現在、私は小さな農村の村長宅に設営された本陣で戦況図をにらみつけている。状況は、はっきり言ってよろしくなかった。正面の渡河ポイントはすでにアルベール軍のリースベン師団に占領され、兵士たちが次々に我々の居る北岸へと上陸しつつあった。

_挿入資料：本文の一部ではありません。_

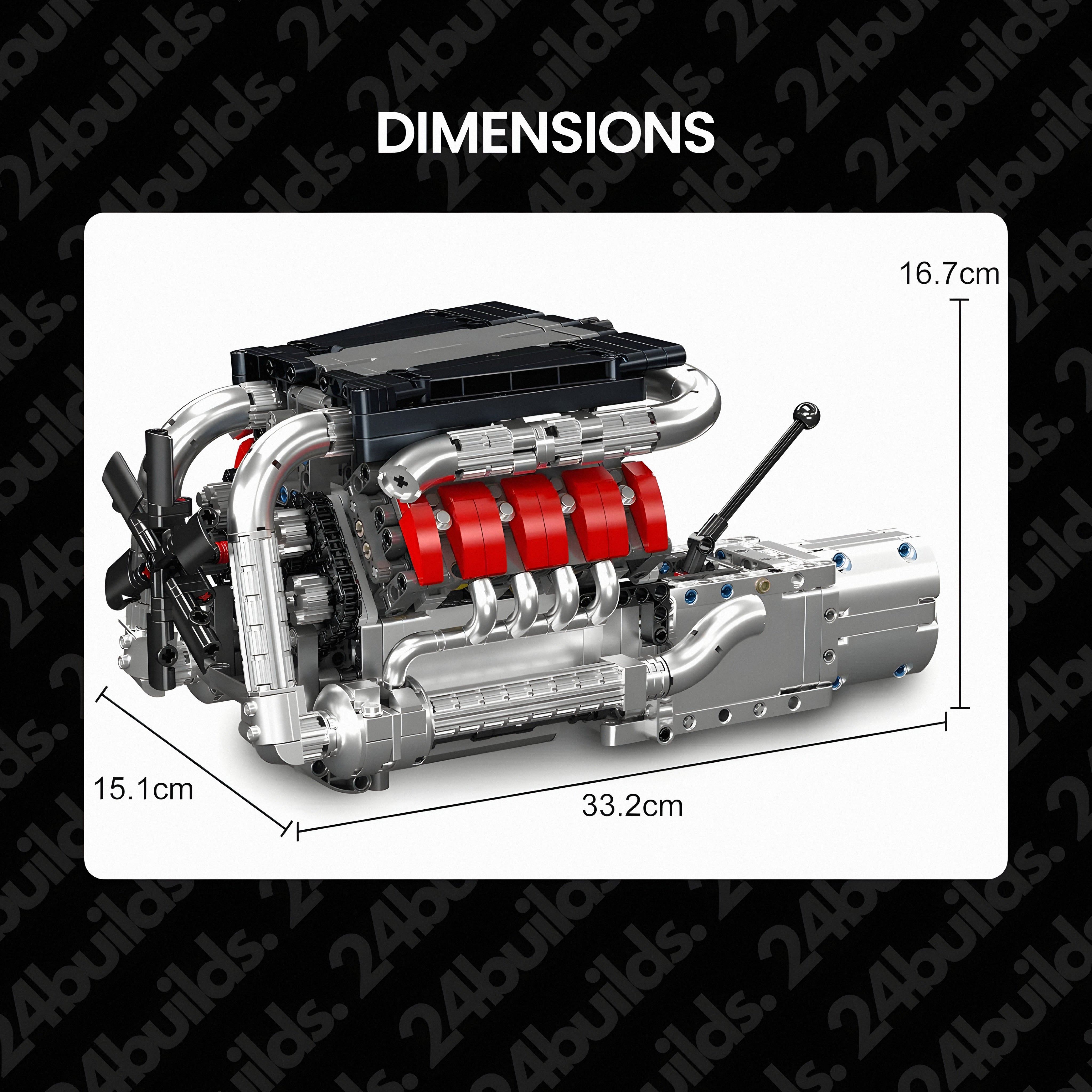 Motorised German V8 Engine & Gearbox | 1168pcs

さらに言えば、危機的状況なのは正面ばかりではない。ここからやや離れた地点でも、リースベン軍の別働隊(ジェルマン伯爵が率いる師団だろう)が渡河を始めているという報告が入ってきていた。むろんそのポイントにも防衛戦力は配置しているが、正面がこの調子ではそちらもいつまで持つかわかったものではない。
「……」
口元をへの字に歪めながら、頭の中で作戦計画を思い出した。渡河を許すのは、計画の範囲内。敵を北岸に誘い込み、突出したところを反撃する。そういう作戦なのだ。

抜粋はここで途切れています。